Type Confusion with Hmac Signatures

HMAC (Hash-based Message Authentication Code) signatures are widely used in APIs to verify the integrity and authenticity of requests. A typical pattern involves the client computing an HMAC over a set of request parameters (e.g., method, path, query parameters, body) using a shared secret, then sending the signature in a header (like X-Signature). The server recomputes the HMAC over the same parameters and compares it to the provided signature. If they match, the request is considered legitimate.

Type confusion in this context arises when the server and client (or an attacker) disagree on the data type or serialization format of the signed parameters. Because HMAC operates on bytes, any inconsistency in how parameters are converted to bytes will produce a different HMAC, potentially allowing an attacker to bypass signature validation.

Common attack patterns include:

• Numeric vs. String Representation: If a parameter like user_id is sent as a number (123) but the server expects a string ("123"), the byte representation differs. An attacker might exploit this by sending the parameter in a different type and adjusting the signature accordingly, if the server's HMAC computation does not normalize types.
• Boolean and Null Values: JSON distinguishes between true, false, and null. If the server treats null as an empty string or ignores it, while the client includes it, the HMAC will diverge.
• Encoding Issues: If the server uses a platform-specific default encoding (e.g., utf8 in Node.js vs. ISO-8859-1 in Java) when converting strings to bytes, the same string can produce different HMACs.
• Serialization Format: The order and formatting of parameters matter. For example, concatenating parameters as key1=value1&key2=value2 vs. using JSON with sorted keys. If an attacker can inject a parameter that changes the serialization order (e.g., by adding a duplicate key), they might control the signed string.
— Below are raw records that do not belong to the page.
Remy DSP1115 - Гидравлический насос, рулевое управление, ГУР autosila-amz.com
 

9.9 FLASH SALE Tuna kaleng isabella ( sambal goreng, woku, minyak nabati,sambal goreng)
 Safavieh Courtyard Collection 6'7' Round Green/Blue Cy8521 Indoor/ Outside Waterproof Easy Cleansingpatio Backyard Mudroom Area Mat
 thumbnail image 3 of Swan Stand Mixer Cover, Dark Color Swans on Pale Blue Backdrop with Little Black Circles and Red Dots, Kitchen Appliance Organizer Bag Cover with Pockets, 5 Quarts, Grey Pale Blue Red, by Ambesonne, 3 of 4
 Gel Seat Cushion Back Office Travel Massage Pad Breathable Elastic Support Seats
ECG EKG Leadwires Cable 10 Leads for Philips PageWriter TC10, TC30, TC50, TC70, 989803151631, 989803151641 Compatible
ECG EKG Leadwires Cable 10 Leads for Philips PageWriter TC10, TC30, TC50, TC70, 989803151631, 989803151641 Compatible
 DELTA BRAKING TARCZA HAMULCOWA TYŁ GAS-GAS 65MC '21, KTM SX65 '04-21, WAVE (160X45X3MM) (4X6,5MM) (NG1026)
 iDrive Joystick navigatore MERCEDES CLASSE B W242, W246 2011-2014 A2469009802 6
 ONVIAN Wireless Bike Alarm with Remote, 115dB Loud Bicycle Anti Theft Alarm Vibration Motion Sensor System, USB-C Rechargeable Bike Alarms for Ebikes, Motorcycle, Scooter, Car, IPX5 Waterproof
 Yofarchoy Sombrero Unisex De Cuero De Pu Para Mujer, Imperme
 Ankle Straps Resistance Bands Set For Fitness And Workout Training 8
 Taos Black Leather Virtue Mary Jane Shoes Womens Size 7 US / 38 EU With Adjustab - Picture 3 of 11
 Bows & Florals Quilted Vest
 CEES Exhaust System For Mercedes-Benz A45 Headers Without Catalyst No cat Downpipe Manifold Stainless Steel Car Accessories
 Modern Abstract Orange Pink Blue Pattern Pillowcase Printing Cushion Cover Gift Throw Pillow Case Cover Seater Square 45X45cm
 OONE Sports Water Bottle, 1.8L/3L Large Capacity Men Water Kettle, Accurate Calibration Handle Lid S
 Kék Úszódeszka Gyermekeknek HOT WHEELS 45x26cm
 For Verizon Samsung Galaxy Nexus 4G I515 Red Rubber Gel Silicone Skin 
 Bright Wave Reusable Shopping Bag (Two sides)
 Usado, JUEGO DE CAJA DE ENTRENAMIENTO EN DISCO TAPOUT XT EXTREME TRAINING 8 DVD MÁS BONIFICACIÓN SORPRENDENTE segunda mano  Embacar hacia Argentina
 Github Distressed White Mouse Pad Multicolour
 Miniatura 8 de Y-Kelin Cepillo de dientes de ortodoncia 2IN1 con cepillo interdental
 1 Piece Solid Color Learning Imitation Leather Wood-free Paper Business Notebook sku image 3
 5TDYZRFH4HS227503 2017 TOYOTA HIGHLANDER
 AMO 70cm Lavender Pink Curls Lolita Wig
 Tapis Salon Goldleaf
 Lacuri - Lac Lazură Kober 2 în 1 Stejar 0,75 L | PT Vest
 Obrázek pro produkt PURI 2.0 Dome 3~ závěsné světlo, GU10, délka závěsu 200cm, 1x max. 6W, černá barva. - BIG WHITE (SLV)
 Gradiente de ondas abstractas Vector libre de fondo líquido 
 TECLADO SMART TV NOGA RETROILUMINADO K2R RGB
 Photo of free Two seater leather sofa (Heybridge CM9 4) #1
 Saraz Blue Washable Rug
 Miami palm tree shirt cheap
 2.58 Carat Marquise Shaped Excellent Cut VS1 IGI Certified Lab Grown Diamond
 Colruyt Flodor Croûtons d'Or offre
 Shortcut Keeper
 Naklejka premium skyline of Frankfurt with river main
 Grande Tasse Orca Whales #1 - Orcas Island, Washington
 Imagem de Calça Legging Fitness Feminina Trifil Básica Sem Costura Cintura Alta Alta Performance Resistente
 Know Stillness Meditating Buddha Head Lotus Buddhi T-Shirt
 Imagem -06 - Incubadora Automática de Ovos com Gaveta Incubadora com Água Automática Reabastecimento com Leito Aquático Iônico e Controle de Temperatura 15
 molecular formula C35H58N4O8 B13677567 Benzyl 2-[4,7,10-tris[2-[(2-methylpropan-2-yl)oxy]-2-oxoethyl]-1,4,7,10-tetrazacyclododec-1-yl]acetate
Here is a vulnerable Node.js example that computes an HMAC by simply concatenating parameter values without type normalization:

const crypto = require('crypto');

function computeSignature(params, secret) {
  // Vulnerable: direct concatenation of values without type handling
  const data = Object.values(params).join('');
  return crypto.createHmac('sha256', secret).update(data).digest('hex');
}

// Attacker-controlled params: user_id as number vs. string
const params1 = { user_id: 123, amount: 100 };
const params2 = { user_id: '123', amount: 100 };
console.log(computeSignature(params1, 'secret')); // Different from params2
console.log(computeSignature(params2, 'secret'));

If the server uses the first representation but the client (or attacker) uses the second, the HMAC validation will fail for legitimate requests or be bypassed by an attacker who crafts both the parameters and the signature.

Detecting type confusion in HMAC signatures requires testing how the API handles parameter types during signature verification. Manual testing involves sending the same logical parameter in different data types (e.g., integer, string, boolean) and observing whether the server accepts the request with a valid signature computed for one type when the parameter is sent in another type.

For example, you can:

• Capture a legitimate request with a known signature.
• Replay the request but change a numeric parameter to a string (e.g., user_id=123 to user_id="123" in JSON) and recompute the signature accordingly.
• If the server accepts the request, it indicates that the server's HMAC computation does not normalize types, leading to a vulnerability.

How middleBrick helps: middleBrick's black-box scanning includes an Authentication check that tests for inconsistencies in HMAC validation. It automatically:

• Identifies if an API uses HMAC signatures (by looking for headers like X-Signature, Authorization: HMAC, etc.).
• Attempts to compute signatures for variations of the same request with parameters expressed in different types (numbers as strings, booleans as integers, etc.).
• Compares server responses to detect if the signature validation is bypassed or if the server returns different error messages for different type representations.

middleBrick also checks for Input Validation issues that could exacerbate type confusion, such as accepting duplicate parameters or non-canonical JSON. The scan output will flag any parameter type inconsistencies as a finding under the Authentication category with a severity rating and remediation guidance.

The fix is to ensure that both client and server use a canonical, type-stable serialization for the signed data. This means:

1. Define a strict data model for all signed parameters (e.g., user_id must be an integer, active a boolean).
2. Serialize parameters in a deterministic way: use a standard format like JSON with sorted keys and no whitespace, or a well-defined string concatenation scheme with explicit type indicators.
3. Normalize types before serialization: convert all values to their canonical string representation (e.g., numbers to strings without leading zeros, booleans to "true"/"false").
4. Always use a fixed character encoding (UTF-8) when converting the serialized string to bytes for HMAC computation.

Here is a corrected Node.js example using canonical JSON serialization with sorted keys and UTF-8 encoding:

const crypto = require('crypto');

function canonicalize(params) {
  // Sort keys and stringify without whitespace
  const sortedKeys = Object.keys(params).sort();
  const sortedParams = {};
  for (const key of sortedKeys) {
    // Normalize values to consistent types if needed
    // For example, ensure numbers are represented as numbers in JSON
    sortedParams[key] = params[key];
  }
  return JSON.stringify(sortedParams);
}

function computeSignature(params, secret) {
  const data = canonicalize(params);
  // Explicitly use UTF-8 encoding
  return crypto.createHmac('sha256', secret).update(data, 'utf8').digest('hex');
}

// Now both params1 and params2 produce the same signature if user_id is a number
const params1 = { user_id: 123, amount: 100 };
const params2 = { user_id: 123, amount: 100 }; // same type
console.log(computeSignature(params1, 'secret'));
console.log(computeSignature(params2, 'secret')); // identical

If the API must accept parameters in multiple formats (e.g., query string vs. JSON body), the server should first parse them into a canonical internal representation before computing the HMAC. Additionally, always validate that the received parameters match the expected types after parsing, and reject requests with type mismatches.

For existing APIs, a migration strategy is to version the signing scheme (e.g., X-Signature-Version: 2) and gradually roll out the canonical serialization while keeping the old version for backward compatibility until all clients are updated.